DATA TO USE →
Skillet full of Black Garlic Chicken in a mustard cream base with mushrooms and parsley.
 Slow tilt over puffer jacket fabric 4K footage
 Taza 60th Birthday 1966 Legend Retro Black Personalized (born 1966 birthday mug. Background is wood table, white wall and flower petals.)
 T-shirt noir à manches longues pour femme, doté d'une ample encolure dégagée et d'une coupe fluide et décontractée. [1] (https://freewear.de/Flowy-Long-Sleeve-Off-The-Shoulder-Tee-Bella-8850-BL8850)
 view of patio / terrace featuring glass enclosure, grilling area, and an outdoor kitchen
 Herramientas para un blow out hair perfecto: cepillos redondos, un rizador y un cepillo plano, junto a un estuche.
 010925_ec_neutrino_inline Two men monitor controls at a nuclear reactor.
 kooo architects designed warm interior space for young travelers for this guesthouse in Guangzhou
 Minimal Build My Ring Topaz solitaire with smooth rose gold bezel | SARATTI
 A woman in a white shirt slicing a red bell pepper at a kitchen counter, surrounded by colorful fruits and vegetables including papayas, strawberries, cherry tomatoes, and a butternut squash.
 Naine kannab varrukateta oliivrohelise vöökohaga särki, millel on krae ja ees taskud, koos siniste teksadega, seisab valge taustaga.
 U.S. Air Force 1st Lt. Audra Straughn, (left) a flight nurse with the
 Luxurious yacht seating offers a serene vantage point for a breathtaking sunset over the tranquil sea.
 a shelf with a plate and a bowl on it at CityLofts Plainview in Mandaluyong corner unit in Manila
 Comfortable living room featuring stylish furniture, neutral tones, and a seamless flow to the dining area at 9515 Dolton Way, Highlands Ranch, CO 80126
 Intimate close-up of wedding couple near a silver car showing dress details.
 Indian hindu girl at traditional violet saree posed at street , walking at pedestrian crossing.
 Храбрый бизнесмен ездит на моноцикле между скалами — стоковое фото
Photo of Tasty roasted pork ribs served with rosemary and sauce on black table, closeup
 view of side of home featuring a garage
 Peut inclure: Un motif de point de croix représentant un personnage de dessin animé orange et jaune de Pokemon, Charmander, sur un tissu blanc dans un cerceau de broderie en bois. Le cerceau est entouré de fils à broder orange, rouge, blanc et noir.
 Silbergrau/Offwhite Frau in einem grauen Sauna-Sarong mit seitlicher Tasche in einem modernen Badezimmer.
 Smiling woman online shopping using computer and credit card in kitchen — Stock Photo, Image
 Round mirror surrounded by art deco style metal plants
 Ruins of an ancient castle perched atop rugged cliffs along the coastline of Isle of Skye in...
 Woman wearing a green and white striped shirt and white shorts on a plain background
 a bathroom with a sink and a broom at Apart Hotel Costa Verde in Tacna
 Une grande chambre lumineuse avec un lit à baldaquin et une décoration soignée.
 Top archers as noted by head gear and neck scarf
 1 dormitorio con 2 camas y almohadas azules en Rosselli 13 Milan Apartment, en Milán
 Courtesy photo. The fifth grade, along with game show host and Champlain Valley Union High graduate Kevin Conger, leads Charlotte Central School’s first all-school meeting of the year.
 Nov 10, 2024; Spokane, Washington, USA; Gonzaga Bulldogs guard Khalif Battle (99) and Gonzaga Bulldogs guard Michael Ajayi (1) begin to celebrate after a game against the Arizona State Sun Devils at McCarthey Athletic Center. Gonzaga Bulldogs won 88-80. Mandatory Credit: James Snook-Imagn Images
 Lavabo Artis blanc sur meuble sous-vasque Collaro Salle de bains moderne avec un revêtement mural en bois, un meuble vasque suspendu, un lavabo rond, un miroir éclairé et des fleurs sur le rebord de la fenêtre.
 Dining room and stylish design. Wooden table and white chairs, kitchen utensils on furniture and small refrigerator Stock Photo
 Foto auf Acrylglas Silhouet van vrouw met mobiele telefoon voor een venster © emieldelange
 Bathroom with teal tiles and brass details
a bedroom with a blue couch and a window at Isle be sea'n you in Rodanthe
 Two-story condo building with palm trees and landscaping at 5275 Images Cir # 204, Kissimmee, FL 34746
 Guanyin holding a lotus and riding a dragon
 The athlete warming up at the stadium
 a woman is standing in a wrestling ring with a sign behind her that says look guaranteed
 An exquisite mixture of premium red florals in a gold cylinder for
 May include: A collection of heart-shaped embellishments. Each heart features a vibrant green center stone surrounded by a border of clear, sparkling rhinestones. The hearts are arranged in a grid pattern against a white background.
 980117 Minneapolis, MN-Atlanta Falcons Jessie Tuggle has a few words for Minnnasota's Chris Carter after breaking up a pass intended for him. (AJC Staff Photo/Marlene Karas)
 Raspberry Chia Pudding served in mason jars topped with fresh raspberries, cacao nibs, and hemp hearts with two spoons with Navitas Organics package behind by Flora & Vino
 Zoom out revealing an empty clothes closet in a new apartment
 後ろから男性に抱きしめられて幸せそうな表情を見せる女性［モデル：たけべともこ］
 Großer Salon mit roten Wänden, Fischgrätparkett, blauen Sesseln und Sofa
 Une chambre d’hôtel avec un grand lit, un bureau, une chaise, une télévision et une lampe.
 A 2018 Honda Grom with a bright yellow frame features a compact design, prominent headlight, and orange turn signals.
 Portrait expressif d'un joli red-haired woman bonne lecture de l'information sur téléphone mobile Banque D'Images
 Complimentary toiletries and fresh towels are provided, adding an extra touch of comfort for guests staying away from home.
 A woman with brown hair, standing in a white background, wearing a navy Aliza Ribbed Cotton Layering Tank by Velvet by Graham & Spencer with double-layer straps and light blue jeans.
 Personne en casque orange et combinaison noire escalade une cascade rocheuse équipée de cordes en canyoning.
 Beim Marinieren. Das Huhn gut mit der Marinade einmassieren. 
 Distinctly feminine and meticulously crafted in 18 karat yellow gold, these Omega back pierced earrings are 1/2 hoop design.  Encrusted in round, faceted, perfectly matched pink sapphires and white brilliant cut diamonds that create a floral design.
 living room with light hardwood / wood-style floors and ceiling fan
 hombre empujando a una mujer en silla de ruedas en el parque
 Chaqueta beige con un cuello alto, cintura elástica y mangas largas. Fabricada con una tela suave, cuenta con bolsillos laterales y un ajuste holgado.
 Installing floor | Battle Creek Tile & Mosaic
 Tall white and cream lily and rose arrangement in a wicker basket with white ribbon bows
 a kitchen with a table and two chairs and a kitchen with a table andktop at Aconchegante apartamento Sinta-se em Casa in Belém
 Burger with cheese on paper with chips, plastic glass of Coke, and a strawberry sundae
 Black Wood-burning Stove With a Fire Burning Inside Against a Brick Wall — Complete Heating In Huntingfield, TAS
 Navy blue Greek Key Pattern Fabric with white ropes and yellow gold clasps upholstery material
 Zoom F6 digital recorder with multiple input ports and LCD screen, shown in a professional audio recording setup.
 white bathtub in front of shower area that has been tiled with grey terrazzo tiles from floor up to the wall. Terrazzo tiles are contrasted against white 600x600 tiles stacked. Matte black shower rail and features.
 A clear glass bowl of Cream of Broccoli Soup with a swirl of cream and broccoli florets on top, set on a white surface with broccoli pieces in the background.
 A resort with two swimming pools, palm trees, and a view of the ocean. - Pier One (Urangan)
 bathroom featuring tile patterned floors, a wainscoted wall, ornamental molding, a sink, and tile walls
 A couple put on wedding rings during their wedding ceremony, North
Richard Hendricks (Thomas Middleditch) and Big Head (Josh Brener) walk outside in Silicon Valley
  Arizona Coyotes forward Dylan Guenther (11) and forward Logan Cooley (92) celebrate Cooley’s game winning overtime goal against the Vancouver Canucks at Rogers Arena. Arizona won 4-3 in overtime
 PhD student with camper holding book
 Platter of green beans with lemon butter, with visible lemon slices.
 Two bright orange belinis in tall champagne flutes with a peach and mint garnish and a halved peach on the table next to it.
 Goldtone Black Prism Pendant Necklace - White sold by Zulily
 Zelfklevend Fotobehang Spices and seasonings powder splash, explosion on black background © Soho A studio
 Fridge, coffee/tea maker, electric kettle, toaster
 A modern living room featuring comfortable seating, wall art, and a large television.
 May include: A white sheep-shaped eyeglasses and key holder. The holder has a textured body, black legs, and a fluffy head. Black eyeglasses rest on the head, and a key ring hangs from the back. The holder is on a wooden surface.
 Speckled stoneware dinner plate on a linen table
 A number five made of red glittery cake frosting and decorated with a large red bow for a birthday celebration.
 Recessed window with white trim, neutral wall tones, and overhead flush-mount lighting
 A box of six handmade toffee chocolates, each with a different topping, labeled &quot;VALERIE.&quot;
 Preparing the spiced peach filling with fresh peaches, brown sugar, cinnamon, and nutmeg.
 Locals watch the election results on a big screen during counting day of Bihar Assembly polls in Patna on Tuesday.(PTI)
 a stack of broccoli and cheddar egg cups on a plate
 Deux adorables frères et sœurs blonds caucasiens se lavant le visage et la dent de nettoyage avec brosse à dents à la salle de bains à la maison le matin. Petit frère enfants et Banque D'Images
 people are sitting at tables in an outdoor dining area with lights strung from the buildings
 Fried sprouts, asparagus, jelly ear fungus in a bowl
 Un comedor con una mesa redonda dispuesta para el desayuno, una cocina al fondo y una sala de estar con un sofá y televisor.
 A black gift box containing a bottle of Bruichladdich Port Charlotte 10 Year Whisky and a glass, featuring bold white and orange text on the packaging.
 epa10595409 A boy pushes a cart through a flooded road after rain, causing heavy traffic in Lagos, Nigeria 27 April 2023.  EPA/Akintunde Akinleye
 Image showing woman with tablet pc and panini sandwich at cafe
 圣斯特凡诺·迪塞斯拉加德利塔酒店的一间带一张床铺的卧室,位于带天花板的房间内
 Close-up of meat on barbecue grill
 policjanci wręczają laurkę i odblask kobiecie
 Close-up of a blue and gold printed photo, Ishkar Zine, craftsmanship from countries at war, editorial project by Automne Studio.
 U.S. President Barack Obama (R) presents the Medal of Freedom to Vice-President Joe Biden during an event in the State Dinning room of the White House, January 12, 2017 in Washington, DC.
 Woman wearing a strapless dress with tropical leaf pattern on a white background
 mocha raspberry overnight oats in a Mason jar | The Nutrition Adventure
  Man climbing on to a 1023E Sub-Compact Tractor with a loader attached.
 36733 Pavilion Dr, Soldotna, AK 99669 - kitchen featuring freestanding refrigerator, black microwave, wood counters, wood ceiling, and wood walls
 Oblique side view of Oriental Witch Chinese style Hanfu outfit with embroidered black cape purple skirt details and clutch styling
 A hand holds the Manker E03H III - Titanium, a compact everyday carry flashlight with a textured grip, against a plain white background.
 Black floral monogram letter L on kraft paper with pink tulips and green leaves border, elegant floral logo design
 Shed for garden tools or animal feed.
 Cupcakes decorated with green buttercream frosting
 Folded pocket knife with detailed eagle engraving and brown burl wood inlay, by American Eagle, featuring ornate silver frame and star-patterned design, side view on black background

EXERCISE DESCRIPTION →
Quote the listing above, but only from the line that shows "bathroom featuring tile" through the line that shows "people are sitting".

ANSWER TO THE EXERCISE →
 bathroom featuring tile patterned floors, a wainscoted wall, ornamental molding, a sink, and tile walls
 A couple put on wedding rings during their wedding ceremony, North
Richard Hendricks (Thomas Middleditch) and Big Head (Josh Brener) walk outside in Silicon Valley
  Arizona Coyotes forward Dylan Guenther (11) and forward Logan Cooley (92) celebrate Cooley’s game winning overtime goal against the Vancouver Canucks at Rogers Arena. Arizona won 4-3 in overtime
 PhD student with camper holding book
 Platter of green beans with lemon butter, with visible lemon slices.
 Two bright orange belinis in tall champagne flutes with a peach and mint garnish and a halved peach on the table next to it.
 Goldtone Black Prism Pendant Necklace - White sold by Zulily
 Zelfklevend Fotobehang Spices and seasonings powder splash, explosion on black background © Soho A studio
 Fridge, coffee/tea maker, electric kettle, toaster
 A modern living room featuring comfortable seating, wall art, and a large television.
 May include: A white sheep-shaped eyeglasses and key holder. The holder has a textured body, black legs, and a fluffy head. Black eyeglasses rest on the head, and a key ring hangs from the back. The holder is on a wooden surface.
 Speckled stoneware dinner plate on a linen table
 A number five made of red glittery cake frosting and decorated with a large red bow for a birthday celebration.
 Recessed window with white trim, neutral wall tones, and overhead flush-mount lighting
 A box of six handmade toffee chocolates, each with a different topping, labeled &quot;VALERIE.&quot;
 Preparing the spiced peach filling with fresh peaches, brown sugar, cinnamon, and nutmeg.
 Locals watch the election results on a big screen during counting day of Bihar Assembly polls in Patna on Tuesday.(PTI)
 a stack of broccoli and cheddar egg cups on a plate
 Deux adorables frères et sœurs blonds caucasiens se lavant le visage et la dent de nettoyage avec brosse à dents à la salle de bains à la maison le matin. Petit frère enfants et Banque D'Images
 people are sitting at tables in an outdoor dining area with lights strung from the buildings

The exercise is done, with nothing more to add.